Mas os processos nos TJDAD são sigilosos e, por isso, não envolvem as farmácias citadas, que ficam impossibilitadas de exporem essa impossibilidade de contaminação. Com o processo na Justiça Civil também correndo em segredo, os tribunais não trocam informações.

Depois que a coluna deu visibilidade aos detalhes do caso Tandara, ela foi julgada pelo TJDAD e condenada a quatro anos de suspensão, pena máxima. Mas um remador conseguiu pena branda convencendo o tribunal de que consumiu suplemento contaminado vendido por uma das mais premiadas farmácias de manipulação do Rio. O tribunal não levou em conta que o suplemento comprado e a substância para qual ele testou positivo são manipulados em laboratórios diferentes.

E a ABCD, pouco depois, mudou sua política para suplementos. Desde agosto, não são mais aceitos produtos abertos como prova de defensa em infrações antidoping. "Não podemos assegurar a integralidade do conteúdo de produtos abertos, o que, por consequência, dá margem a questionamento sobre a real fonte do resultado analítico adverso", diz a decisão.

O que Tandara tem feito?

Suspensa, Tandara saiu candidata a deputada federal pelo MDB, convidada pelo prefeito de São Paulo, Ricardo Nunes, e pelo então governador Rodrigo Garcia (DEM). Ao longo da campanha, ela tentou colar sua imagem com a de Jair Bolsonaro, a quem declarou "apoio incondicional".

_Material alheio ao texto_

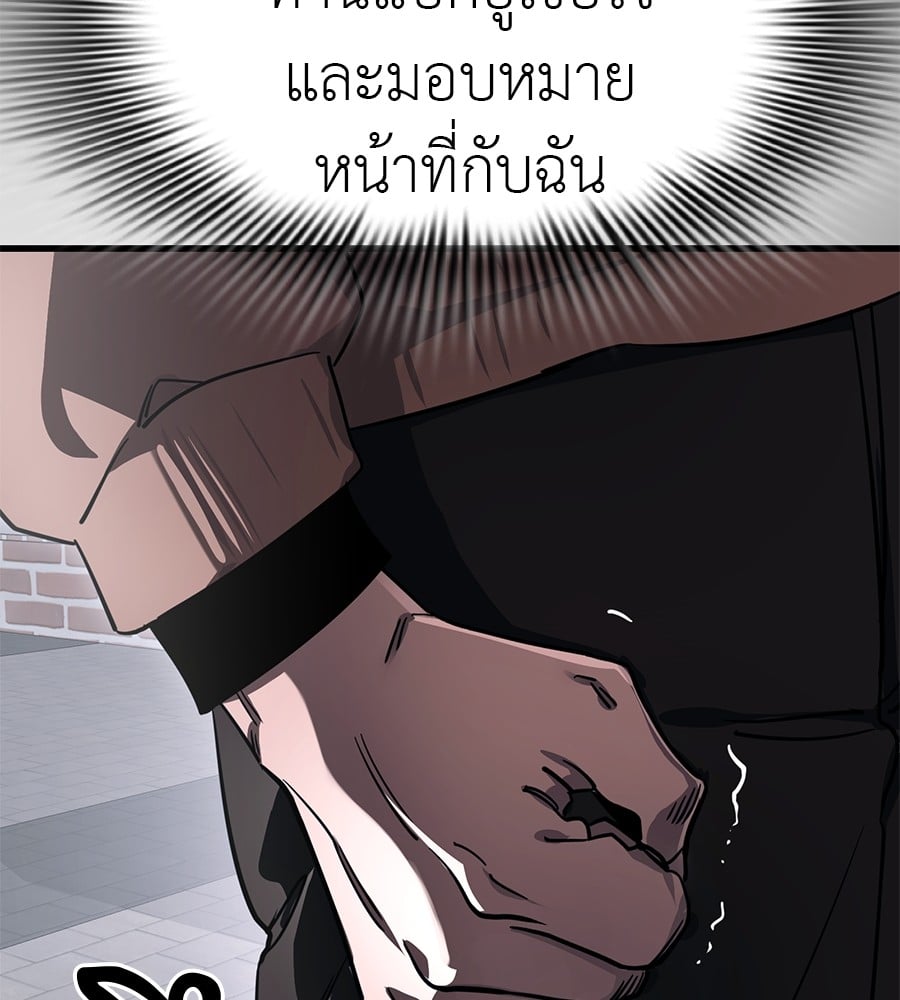 Reincarnation Path of The Underworld King ตอนที่ 23 39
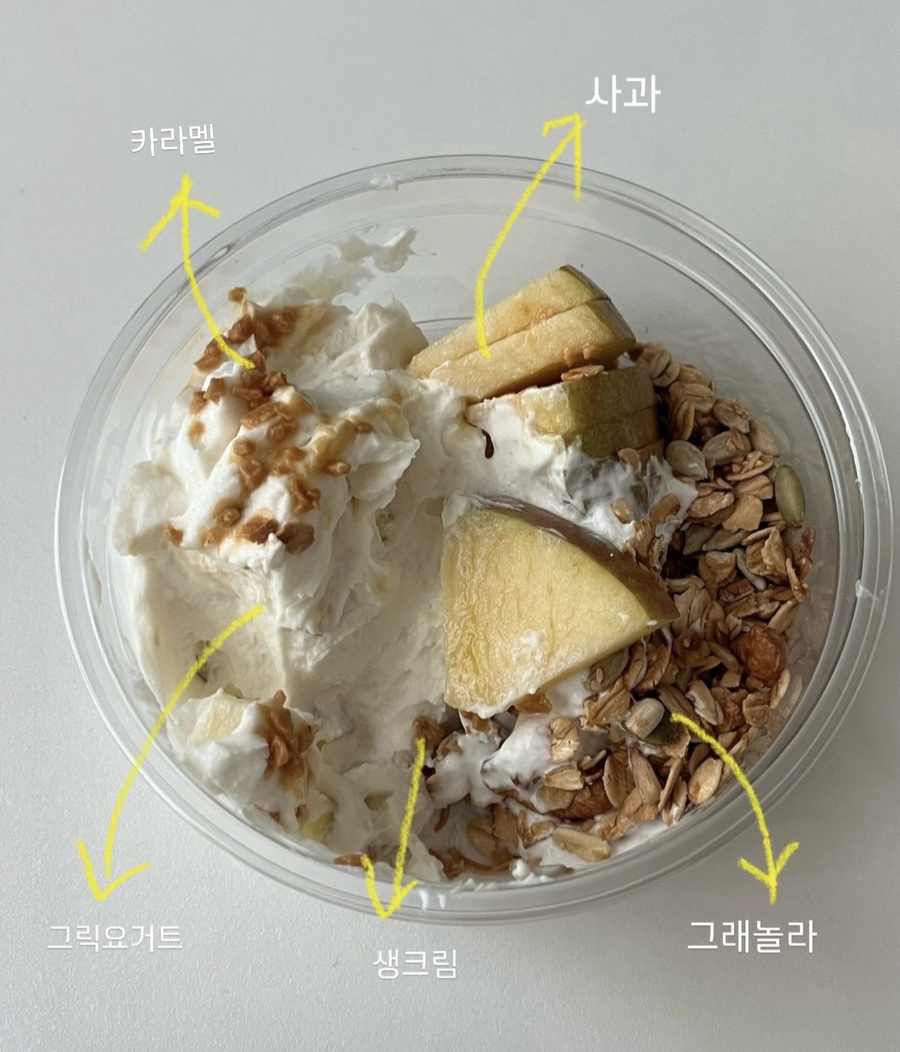 요거넛넘버나인 이미지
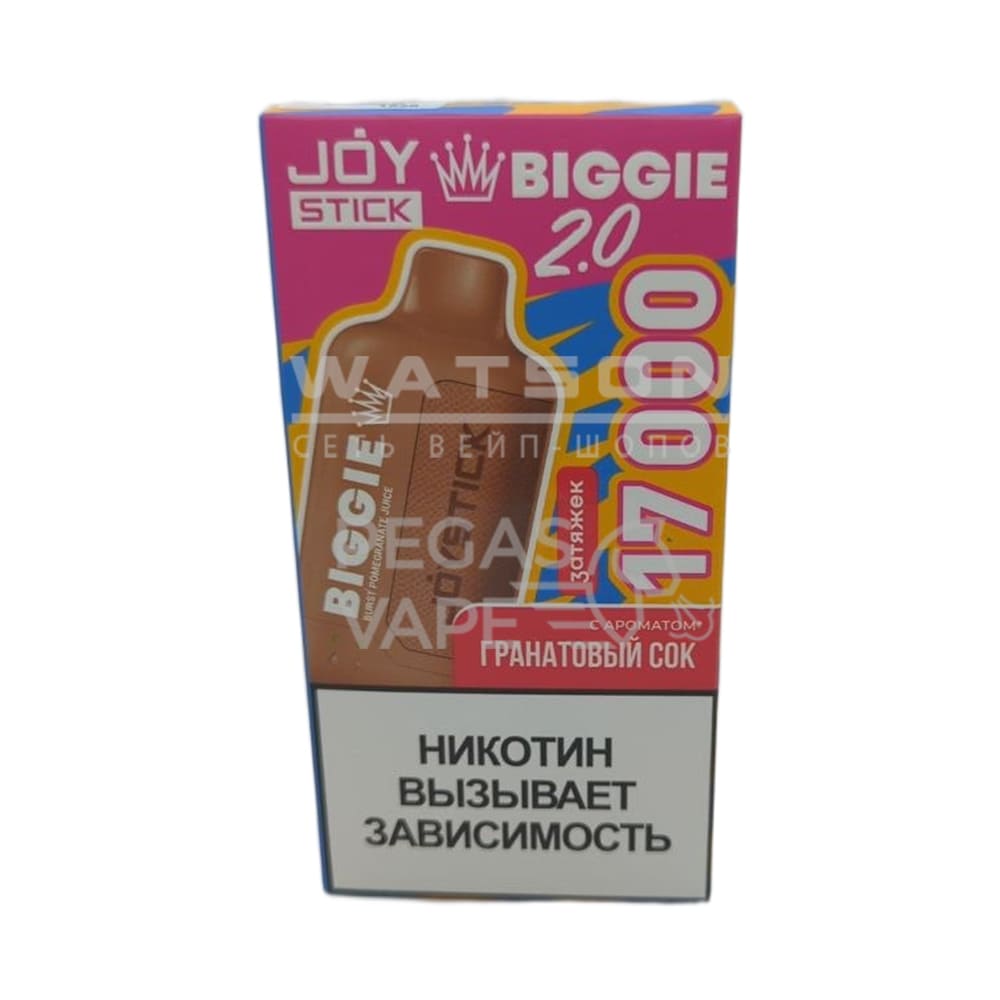 Электронная сигарета JOYSTICK Biggie 17000 (Гранатовый сок) Электронная сигарета JOYSTICK Biggie 17000 (Гранатовый сок)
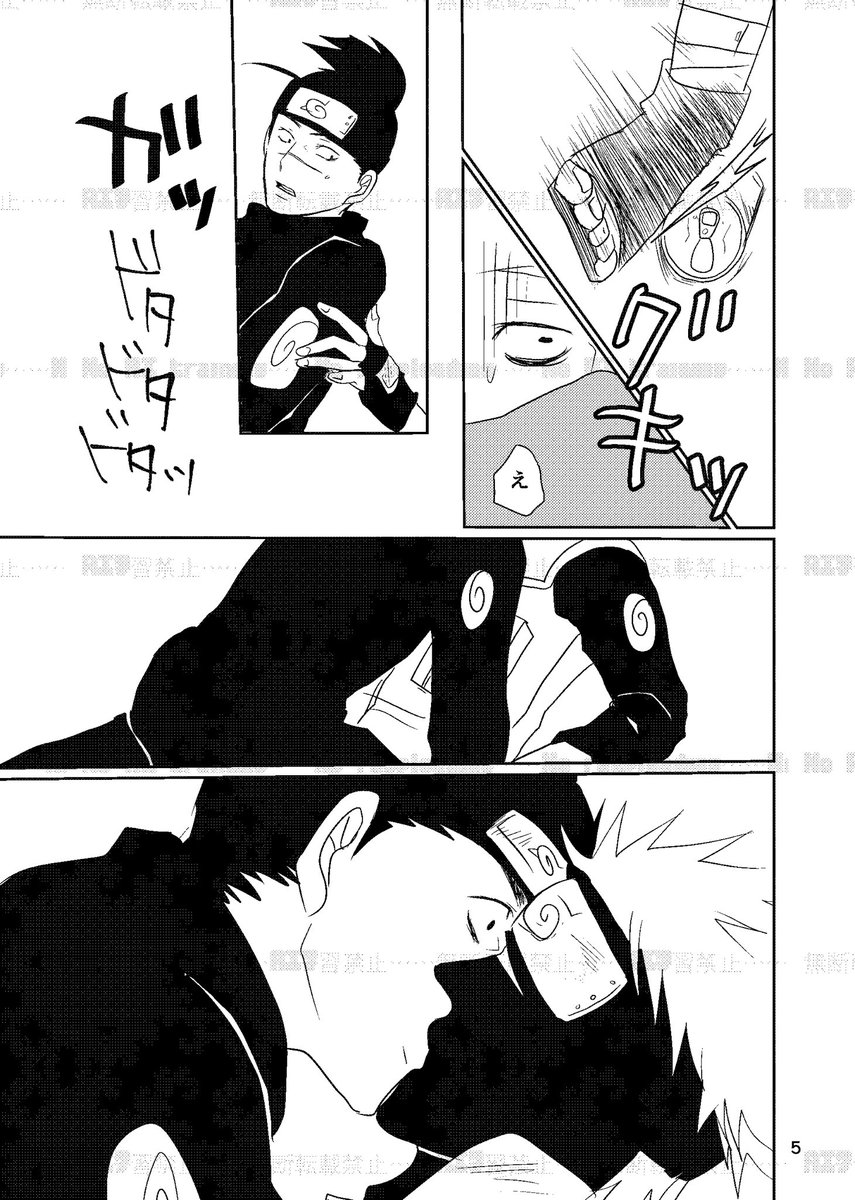 oshiri_w's tweet photo. kkirサンプル　2/3 https://t.co/Wo2JSWt6yR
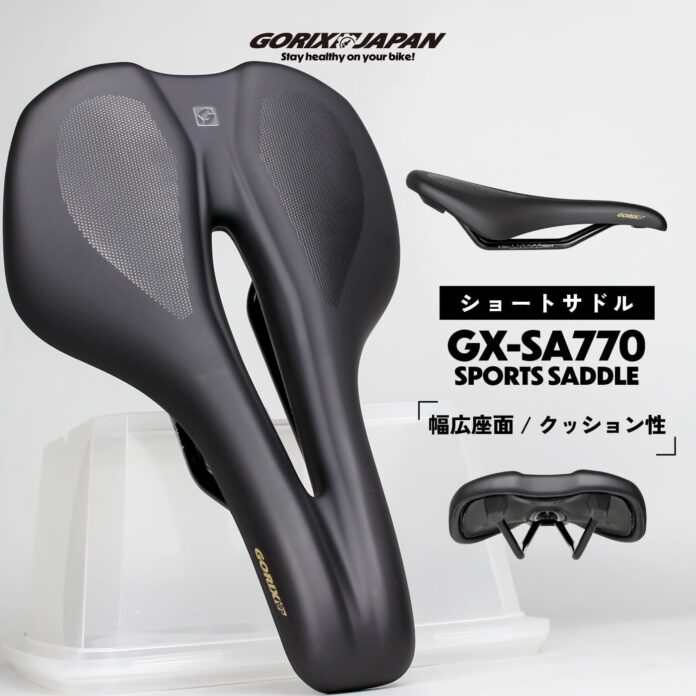 自転車パーツブランド「GORIX」が、AmazonスマイルSALEにて「最大83.3%OFF」のセールを開催!!【1/31(金)9:00〜2/3(月)23:59まで】のメイン画像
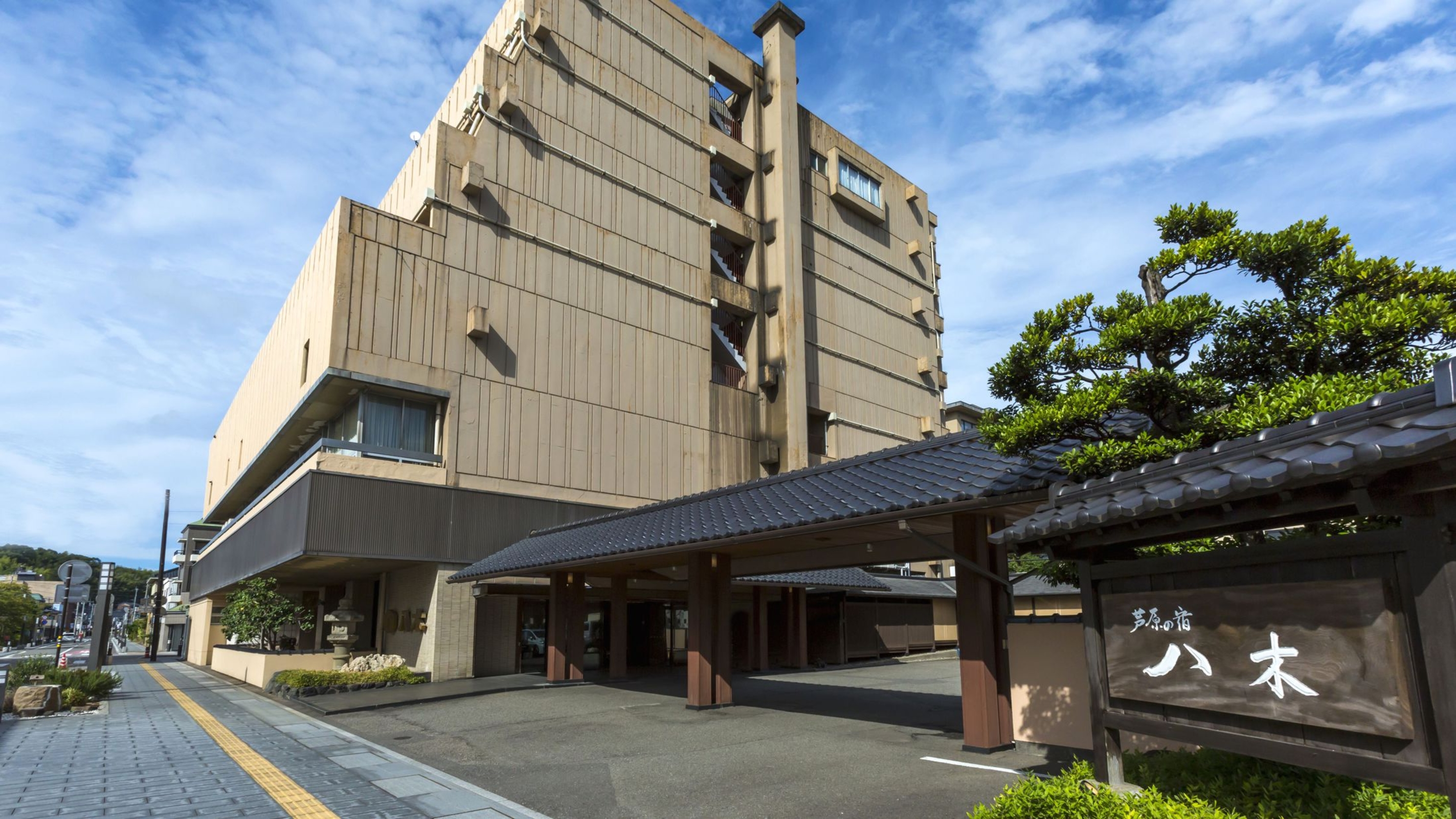 あわら温泉　ホテル八木 1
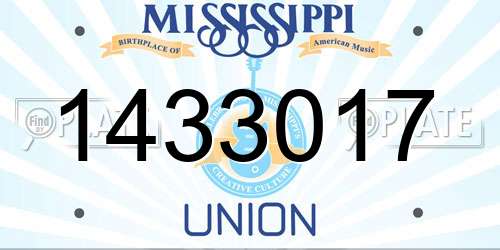 1433017 Mississippi License Plate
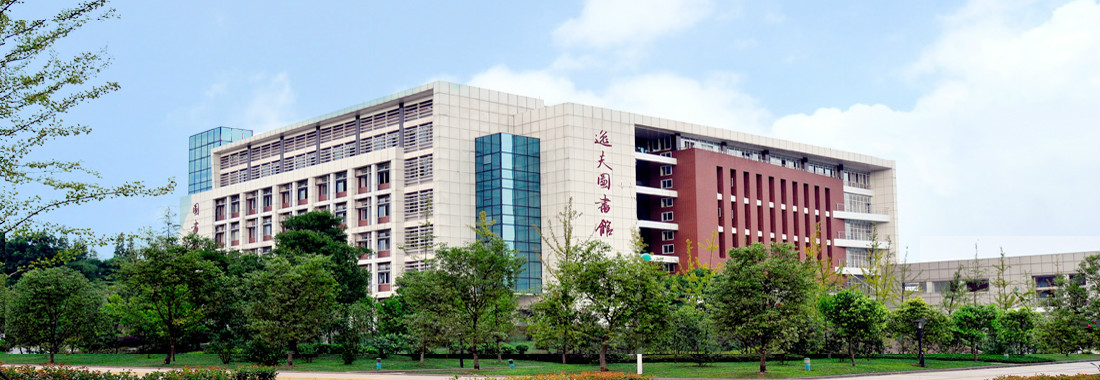  p>西南医科大学( i>southwest medical university /i>),简称"西南医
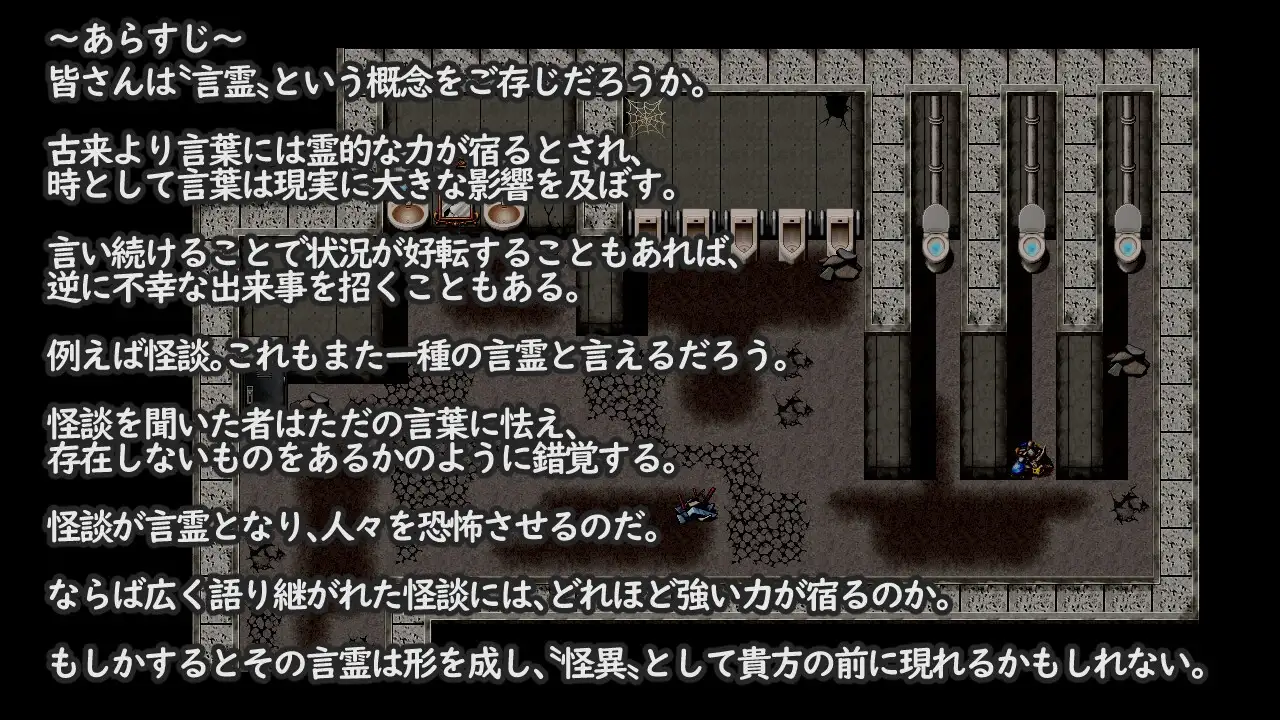 鏡の鏡子さん テディ✕3 エロ画像2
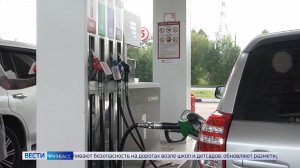 Топливный кризис в Кузбассе: «Вести» подводят итоги уходящей недели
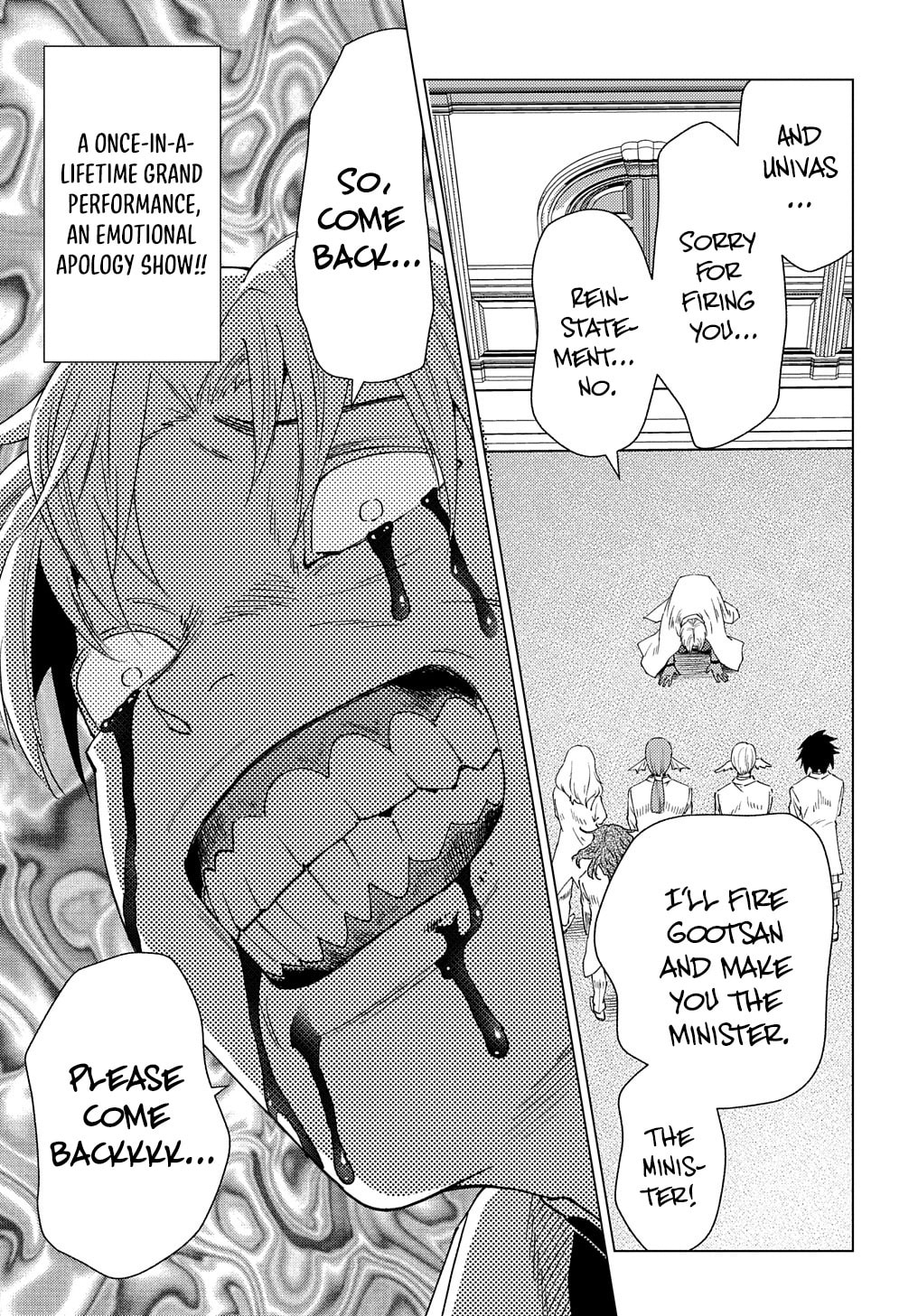 Munou to Yobareta "Seirei Tarashi" - Jitsuwa Inou de, Seirei Kaide wa Densetsuteki Hero Deshita@COMIC Chapter 3 page 24 - 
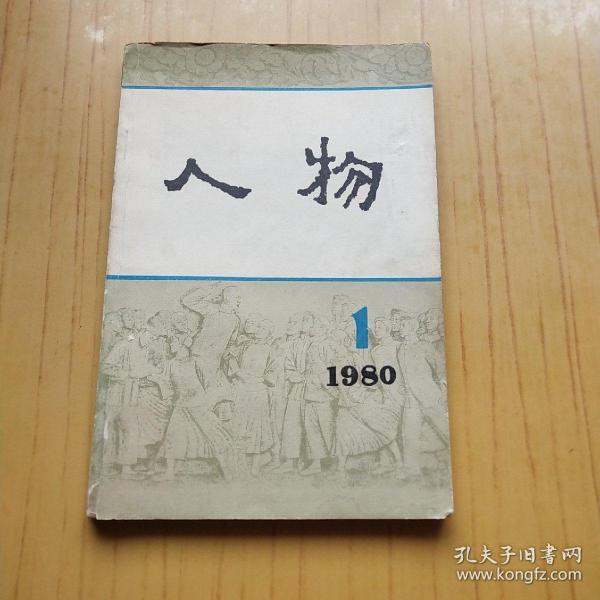 人物.1980年1.创刊号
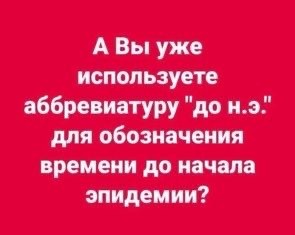 Немного картинок для настроения 26.10.20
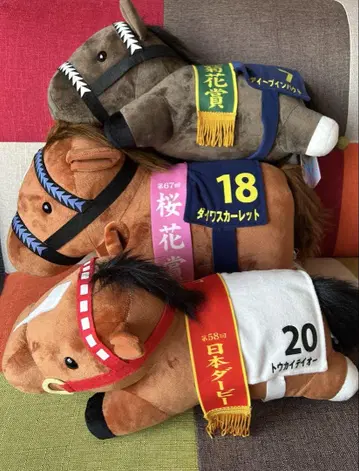 토카이 테이오 딥 임팩트 다이와 스칼렛 봉제 인형 3종 세트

Tandara adotou o slogan "em defesa do Brasil" e passou a apresentar como principal pauta o combate às mulheres trans no esporte. Com 7.412 votos, Tandara não conseguiu se eleger — foi só a 26ª mais votada do MDB em São Paulo.

Paralelamente, também passou a se dedicar a uma ONG própria, o Instituto Tandara. A entidade recebeu uma emenda de R$ 150 mil da senadora Leila do Vôlei (PDT), liberada no fim do ano passado.